All the issues which resonate with me today – like workers’ rights, reproductive justice, poverty – are issues of justice and fairness. Because it isn’t just that workers be expected to exchange their labour for inadequate wages, and it isn’t just that people, predominantly women, are denied the right to choose whether they have children or not and under what circumstances, and it isn’t just that children go to school with empty lunchboxes while the CEO of ANZ gets paid $11,000 per day.

Those things simply are not fair. And I didn’t – and I don’t – care if life isn’t fair.

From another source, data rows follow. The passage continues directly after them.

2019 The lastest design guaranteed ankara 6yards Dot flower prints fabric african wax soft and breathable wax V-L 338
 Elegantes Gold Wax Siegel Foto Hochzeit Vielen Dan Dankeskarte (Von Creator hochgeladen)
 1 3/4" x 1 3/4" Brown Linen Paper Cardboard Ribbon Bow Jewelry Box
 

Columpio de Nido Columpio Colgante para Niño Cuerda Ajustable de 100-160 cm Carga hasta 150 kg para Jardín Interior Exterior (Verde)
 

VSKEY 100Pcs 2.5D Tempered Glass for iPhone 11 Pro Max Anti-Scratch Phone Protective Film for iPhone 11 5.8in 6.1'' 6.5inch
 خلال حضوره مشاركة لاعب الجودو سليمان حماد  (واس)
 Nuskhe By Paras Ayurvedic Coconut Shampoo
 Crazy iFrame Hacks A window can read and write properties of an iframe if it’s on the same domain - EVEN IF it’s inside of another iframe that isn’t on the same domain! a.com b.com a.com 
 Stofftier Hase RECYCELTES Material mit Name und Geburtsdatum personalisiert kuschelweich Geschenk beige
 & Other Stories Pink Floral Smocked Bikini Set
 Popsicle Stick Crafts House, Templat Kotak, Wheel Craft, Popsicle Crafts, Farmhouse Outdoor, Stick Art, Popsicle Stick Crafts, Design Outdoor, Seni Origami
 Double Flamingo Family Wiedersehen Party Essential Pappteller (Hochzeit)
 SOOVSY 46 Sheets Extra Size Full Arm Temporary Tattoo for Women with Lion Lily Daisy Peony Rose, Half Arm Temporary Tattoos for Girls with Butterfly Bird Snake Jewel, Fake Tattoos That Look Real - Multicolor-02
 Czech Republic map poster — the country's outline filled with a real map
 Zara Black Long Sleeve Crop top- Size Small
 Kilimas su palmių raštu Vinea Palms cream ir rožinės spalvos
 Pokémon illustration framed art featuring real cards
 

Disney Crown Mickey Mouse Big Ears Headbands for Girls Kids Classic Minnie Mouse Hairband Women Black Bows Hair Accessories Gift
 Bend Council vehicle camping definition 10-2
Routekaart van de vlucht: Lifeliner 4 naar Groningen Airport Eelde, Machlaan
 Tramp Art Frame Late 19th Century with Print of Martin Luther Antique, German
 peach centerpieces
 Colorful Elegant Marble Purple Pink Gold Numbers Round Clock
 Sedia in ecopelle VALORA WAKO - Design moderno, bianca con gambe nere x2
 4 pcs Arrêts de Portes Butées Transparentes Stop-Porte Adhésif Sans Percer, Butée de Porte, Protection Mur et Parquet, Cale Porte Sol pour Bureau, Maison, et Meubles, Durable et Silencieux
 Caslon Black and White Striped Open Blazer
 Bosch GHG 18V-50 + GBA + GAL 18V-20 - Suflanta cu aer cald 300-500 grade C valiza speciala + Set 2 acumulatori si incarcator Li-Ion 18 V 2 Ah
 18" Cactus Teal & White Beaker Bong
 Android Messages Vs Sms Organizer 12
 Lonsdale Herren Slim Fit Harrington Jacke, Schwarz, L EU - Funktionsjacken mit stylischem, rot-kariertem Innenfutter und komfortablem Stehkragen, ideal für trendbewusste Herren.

The structure of our society, the relationships we have with other people, and universal experiences we all go through – none of these things are set in stone, however long we’ve lived with them or how ingrained they are in our psyches.

So that was where I started, with a strong sense of justice and a belief that things can and should change.

That only got worse once I figured out the next step: those unfair structures aren’t accidental. The fact that they reinforce the power of the powerful and keep the oppressed oppressed certainly isn’t.

We live in a world designed so the powerful can maintain their power. And this is unjust.

This is the major reason why I’ve always been confused by the inherent conflict some people on the left see between “class politics” and “identity politics” (the second reason is because I think there’s a good case to be made that class itself is an “identity”, especially in the 21st century.) In the frame of justice, in the context of power structures conspiring to keep the majority down so the minority prosper in extravagance, we are all the same in the eyes of the powers that be. The only difference is that some of us are denied the fruits of our labour, and some of us are denied bodily autonomy (and get even less of the fruits of our labour), and many, many of us are kept hungry and desperate and alienated – far too preoccupied with the necessities of life to give a damn about deeper questions of political philosophy.

(There’s also the issue of intersectionality, i.e. the way the different oppressions and power structures of our society combine/multiply/reinforce themselves against many people.)

At the core, the oppressed are united in their oppression. It just takes different forms (and some of those forms are much worse than others.)

Of course reality is much more complex. The sad reality is that many people who are staunch activists on one axis of oppression can be pretty terrible on another (misogynist leftwing men, my god, you’re a problem.) And as someone who’s relatively privileged myself – Pākehā, cis, hetero, upper-middle-class, university-educated, currently able-bodied – it’s very easy for me to say “we’re all in this together”. So I’m not saying that. A lot of people have very good reasons not to throw their lot in with activists like me.

What I am saying is this: I’m on the Left because I do believe in justice. I know we can fight for it. I know life will always have its ups and downs. But by god, it should be fair.